No one marries with the intention of divorce, but with the odds stacked against us, it's essential to know you will be able to provide for yourself. Investopedia says, 'When getting a divorce, establishing your own financial identity is critical. Opening your own bank account, if you don't already have one, is the first step'. Without a crystal ball, we have no idea what will happen in the future. Making sure you are self-sufficient, just in case, is good practice.
All marriages have rocky moments. We each have our own set of values that are not always shared with our spouses. If you like to splurge on experiences, shopping, or gifts and your spouse is frugal, separate accounts could help avoid some major arguments. Within that same theme, buying small gifts for your spouse is an excellent way to let them know you're thinking of them, helping to keep the spark alive. Having joint accounts takes away that element of surprise.
Another benefit of separate accounts is maximizing debit card rewards. With each spouse having their own debit card, they can separately accrue points, cash-back rewards, and even build up their own credit.
Having separate bank accounts allows couples to have the financial freedom and financial perks not available to those with joint accounts.
One of the impactful decisions a married couple can make is setting up a joint bank account. And based on a survey by Creditcards.com, many couples favor this decision.
According to the platform, 43% of US adults have only joint accounts. Of the remaining 57%, 34% of respondents have both joint and separate accounts.
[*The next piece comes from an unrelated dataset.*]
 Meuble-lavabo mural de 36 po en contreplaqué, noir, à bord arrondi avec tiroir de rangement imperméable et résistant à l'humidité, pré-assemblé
What may drive some couples to take this step is their belief that this may be “the ultimate symbolic gesture” of their financial union. However, there are many practical benefits to having a joint bank account.
Joint accounts allow partners to pay shared household expenses from the same place, simplifying financial tasks, especially for spouses staying at home.
Similarly, these accounts add a level of transparency to couples’ transactions, reducing the temptation to splurge or make secret purchases. This, in turn, prevents misunderstandings stemming from money secrets. It further builds trust in a relationship, benefiting the marriage itself.
The results of a recent Stockholm University study support this conclusion. Researchers revealed that joint economics result in more substantial stability and communication.
Another advantage of having a joint account is reduced red tape and streamlined legal affairs. Take, for instance, accounts that have the right of survivorship. This right ensures that surviving account owners automatically become sole owners of funds after the death of the joint account holder.
Therefore, if a couple is on the same page regarding finances, a joint bank account can be a sound decision for the sake of the couple’s finances and relationship.